- EXERCISE:
Leaving out every picture, please repeat exactly the line that contains "Mặt Nạ Dưỡng" and each line after it through the final line below.

- DATA:
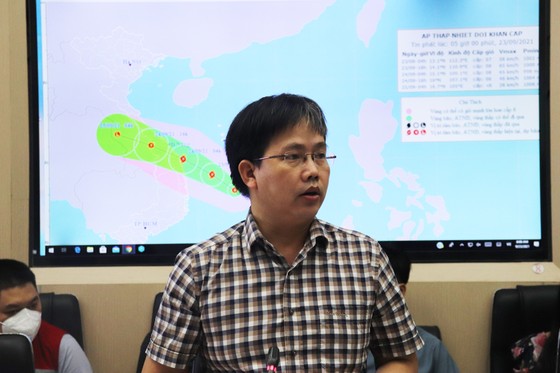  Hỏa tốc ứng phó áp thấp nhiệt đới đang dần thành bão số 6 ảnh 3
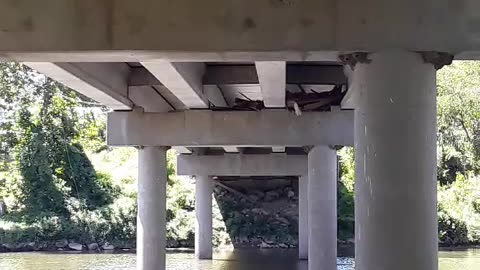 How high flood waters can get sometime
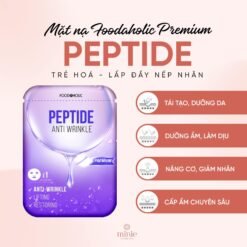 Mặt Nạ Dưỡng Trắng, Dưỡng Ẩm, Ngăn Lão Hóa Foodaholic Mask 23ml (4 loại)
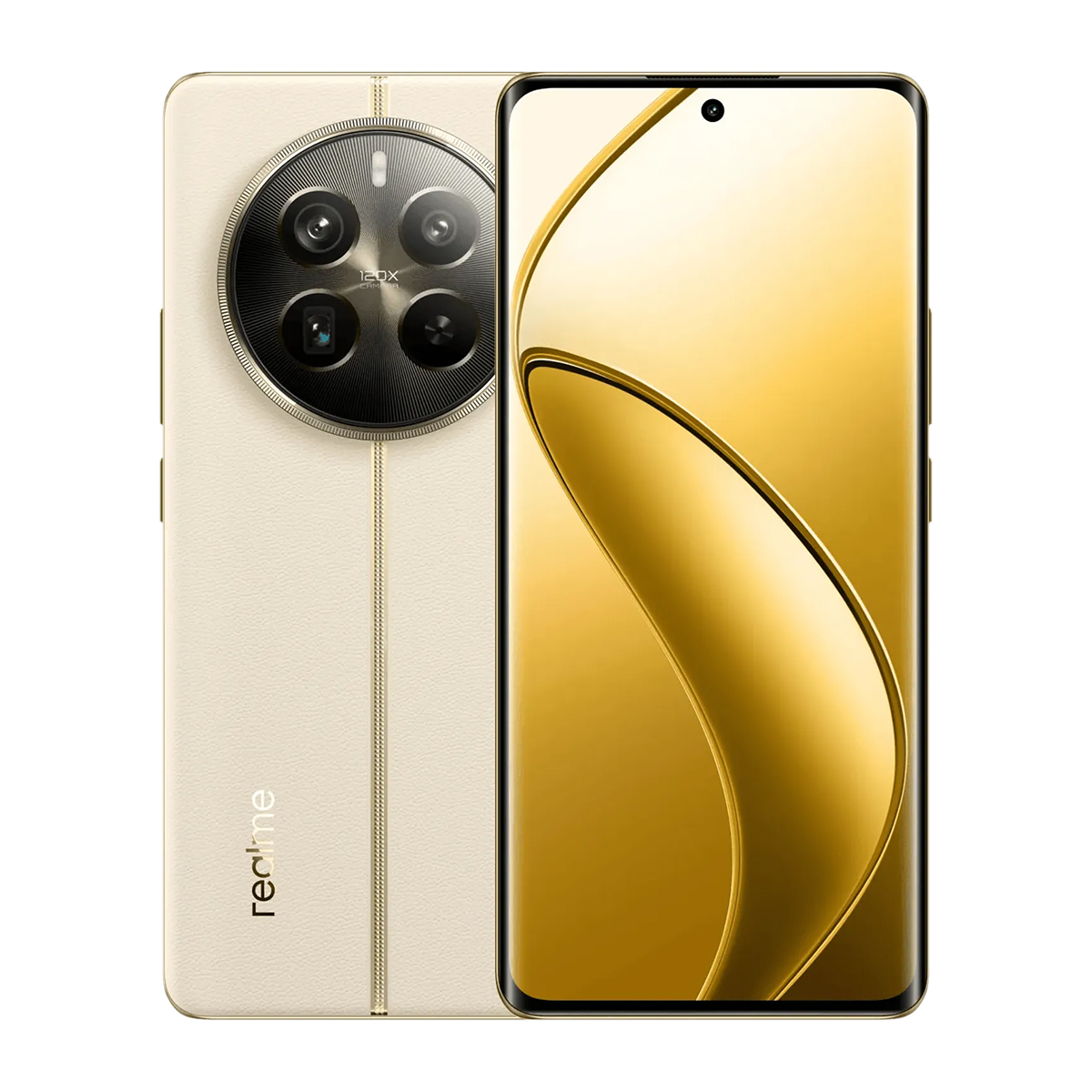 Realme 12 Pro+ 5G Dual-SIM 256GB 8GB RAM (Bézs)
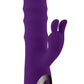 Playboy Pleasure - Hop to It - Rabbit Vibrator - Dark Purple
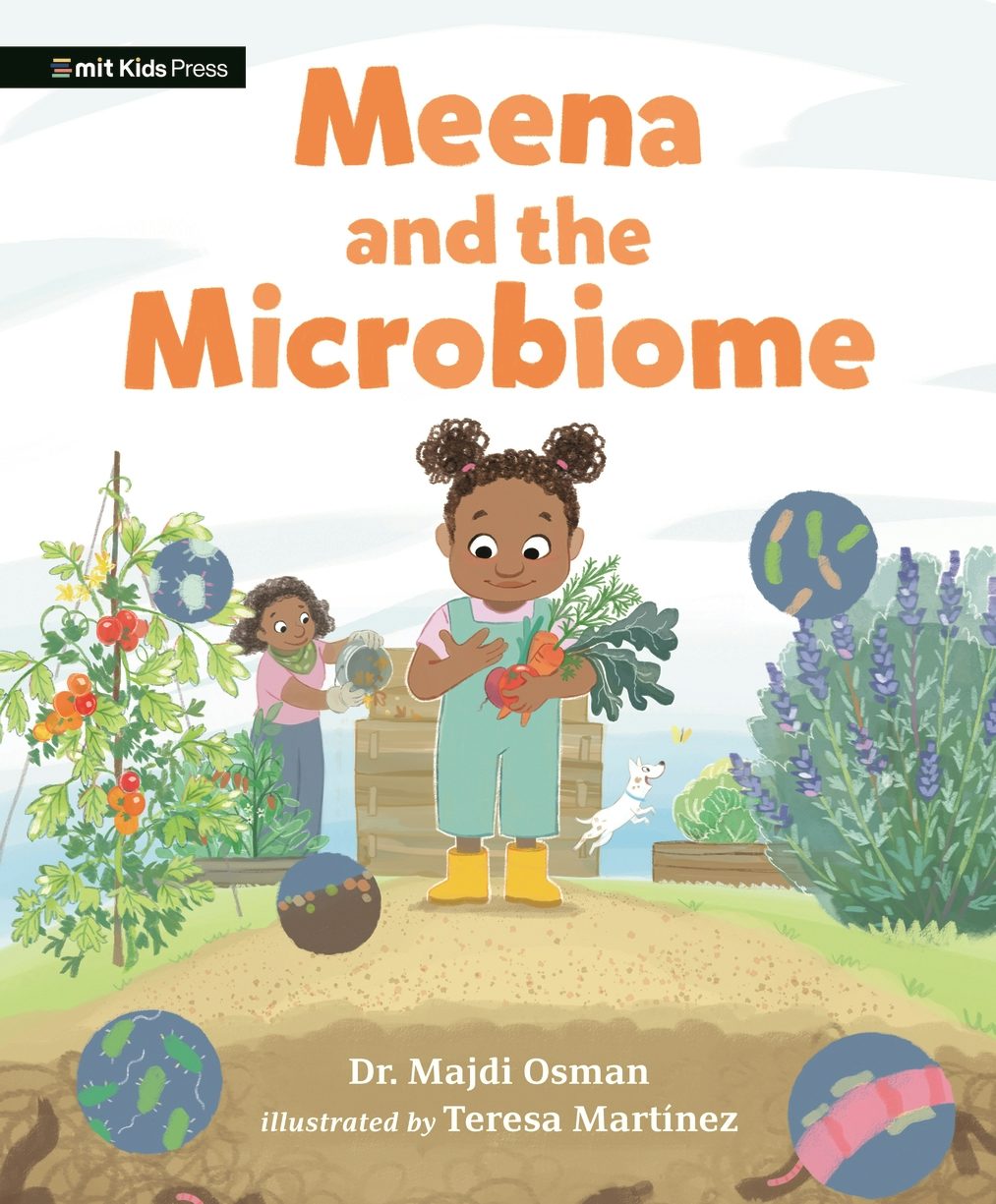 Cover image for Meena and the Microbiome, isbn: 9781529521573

- RESPONSE TO THE EXERCISE:
 Mặt Nạ Dưỡng Trắng, Dưỡng Ẩm, Ngăn Lão Hóa Foodaholic Mask 23ml (4 loại)
 Realme 12 Pro+ 5G Dual-SIM 256GB 8GB RAM (Bézs)
 Playboy Pleasure - Hop to It - Rabbit Vibrator - Dark Purple
 Cover image for Meena and the Microbiome, isbn: 9781529521573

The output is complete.